Appealing young cast proves captivating in City Opera’s “Elisir”
It wasn’t all that long ago—2006 to be precise—that Jonathan Miller’s production of L’Elisir d’Amore was introduced at the New York City Opera. But it seems like the distant past given all the travails the company has endured since. The stripped-down company’s current season includes only five principal productions. But you have to give it credit for choosing adventuresome repertoire. L’Elisir is the only standard opera represented.

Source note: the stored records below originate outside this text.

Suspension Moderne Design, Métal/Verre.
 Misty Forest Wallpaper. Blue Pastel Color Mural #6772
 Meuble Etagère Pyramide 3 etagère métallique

Still, Donizetti’s warmhearted comedy is always welcome, and the opera returned to the David H. Koch Theater last night to work its captivating effect. Not that Miller’s production establishes any record for insight or innovation. The action takes place in and around Adina’s Diner (shades of Despina’s Diner in Peter Sellars’s production of Così fan tutte), which is situated rather forlornly in a very wide open space of the American Southwest (Isabella Bywater is the designer). The diner has an active clientele, but you wonder where all these people come from, since there is otherwise no sign of life.
The time is the 1950s. Dr. Dulcamara’s mode of travel—described in the libretto as a golden carriage but indelibly associated by many with a hot air balloon— is here a Ford convertible. But there was a glitch last night, because the quack doctor made his entrance by foot, with the car arriving only later.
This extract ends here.